The Bills contain further changes in the area of private pension reform in order to maintain our momentum in this vitally important area. Over the years, a number of administrative practices have emerged in order to accommodate the modernisation of pension savings. The purpose of these Bills is to codify all of these administrative practices as a matter of transparency and to address these concerns. These changes (though technical) should facilitate the transfer of funds between various pension vehicles. All these technical changes are being undertaken in order to set the stage for further pension tax reforms later in the year, especially in terms of pre-retirement withdrawals and allowable deductible contributions.
Further administrative modernisation
In terms of administration, the Bills seek to build on the successful modernisation efforts achieved by South African Revenue Service (SARS) last year. The Bills eliminate burdensome administration that inhibit e-filing, such as the requirement to attach paper versions of supporting documents. The Bills also seek to ensure the proper operation of the Pay As You Earn (PAYE) system so that employees can receive their assessments in a timely fashion with minimal complication.
Another important but related matter is the issue of administrative penalties. The Bills set the process in motion for a more transparent set of penalties that can be evenly applied to all taxpayers. Transparent penalty criteria will give taxpayers comfort that they can come forward if they err – all the while facing a certain, yet reasonable response.

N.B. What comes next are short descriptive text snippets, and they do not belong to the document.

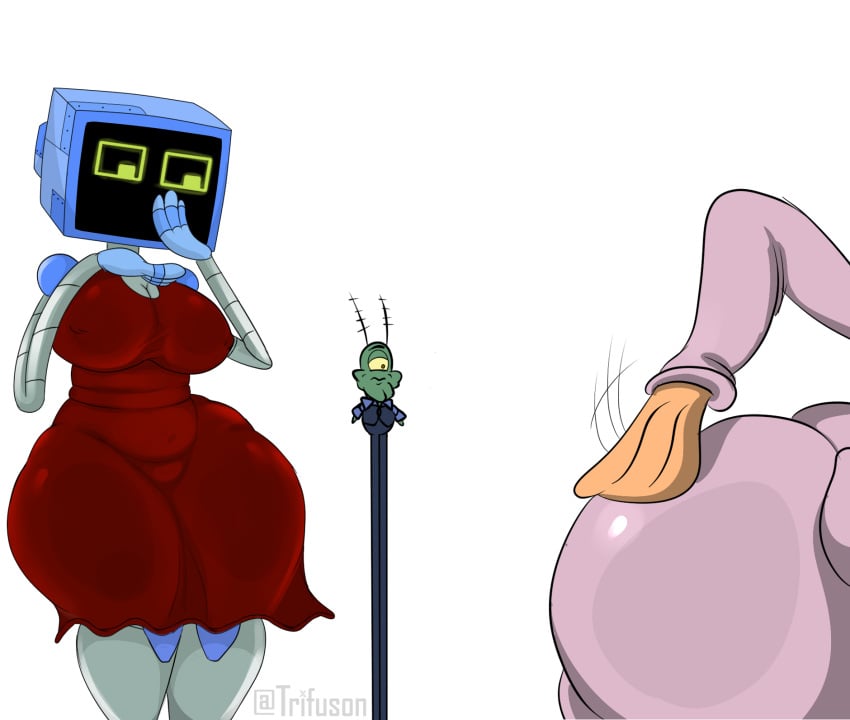 2d belly big_ass big_breasts chad fat_ass female humanoid karen_plankton robot robot_girl robot_humanoid screen_face sheldon_j._plankton slapping_butt slapping_own_ass spongebob_squarepants suzie_groove thick_thighs trifuson tv tv_head wide_hips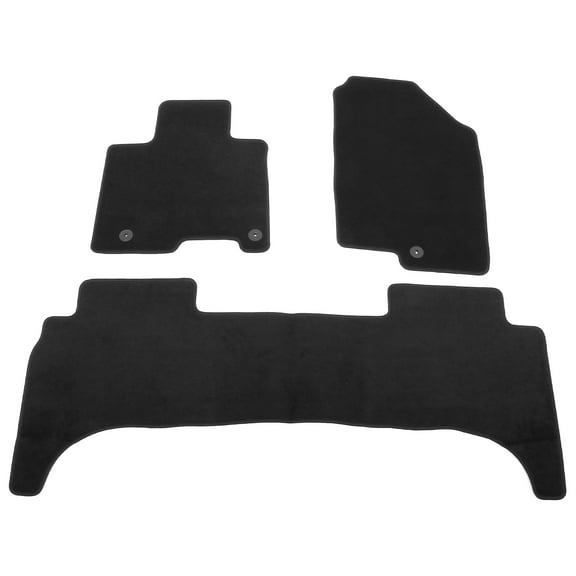 Ikon Motorsports Front Rear Anti-slip Floor Mats Liner Fits 2022-2025 Hyundai Santa Cruz, Nylon OEM Fitment Style Carpets Black 3PCS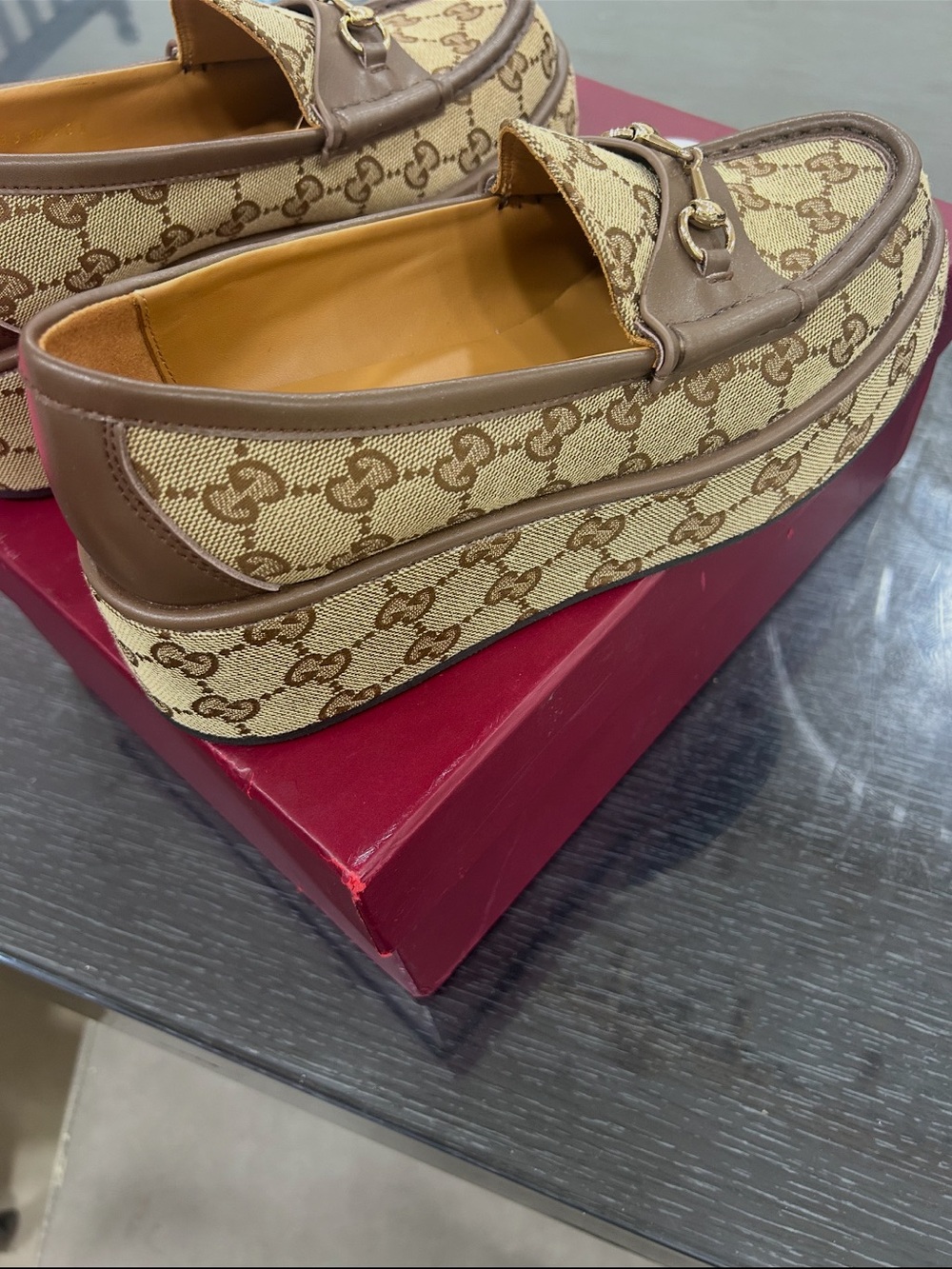 Gucci Brown/Beige GG Canvas Horsebit Slip-On Loafers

Closure of anti-avoidance schemes
Although the first set of annual tax bills is generally designed solely for rates, thresholds and other straightforward matters, urgent closure of tax avoidance schemes remains an unfortunate but necessary priority. This closure is important if we are to maintain the necessary ingredient of a broad base to facilitate low rates.
The most notable target of concern was the misuse of the corporate intra-group rollover regime. Although this regime was intended solely as a mechanism for deferring taxable gains when a group of companies passes assets from one group member to another, certain manipulated schemes achieved a whole lot more. In these schemes, deferral became outright exemption, thereby allowing group companies to be sold to independent parties wholly free from tax. It is worth noting that some private equity stakeholders played a central (but by no means exclusive) role in this arena.
At the end of the day, our approach has been to be "tough but fair." After fully taking into account all comments received, we chose a course that fully closed the loopholes of concern without undermining legitimate commercial transactions.
One final note worth mentioning is another avoidance scheme uncovered during the informal hearings process. In these schemes, legitimate and important commercial transactions such as black empowerment economics (BEE) are used to generate artificial deductions through excessive financing. Whilst we do not wish to hinder transactions necessary for our economy, we again cannot sit idle while legitimate transactions are used as a masquerade for tax avoidance. In order to remedy this newly uncovered concern, a media statement will shortly be released in this regard.
I would like to thank Chairman Nhlanhla Nene and the members of the Portfolio Committees for their valuable role in the process. The Committee's intervention helped bring some very important facts to light. On that note, Madame Speaker, I hereby table the "Taxation Laws Amendment Bills, 2008."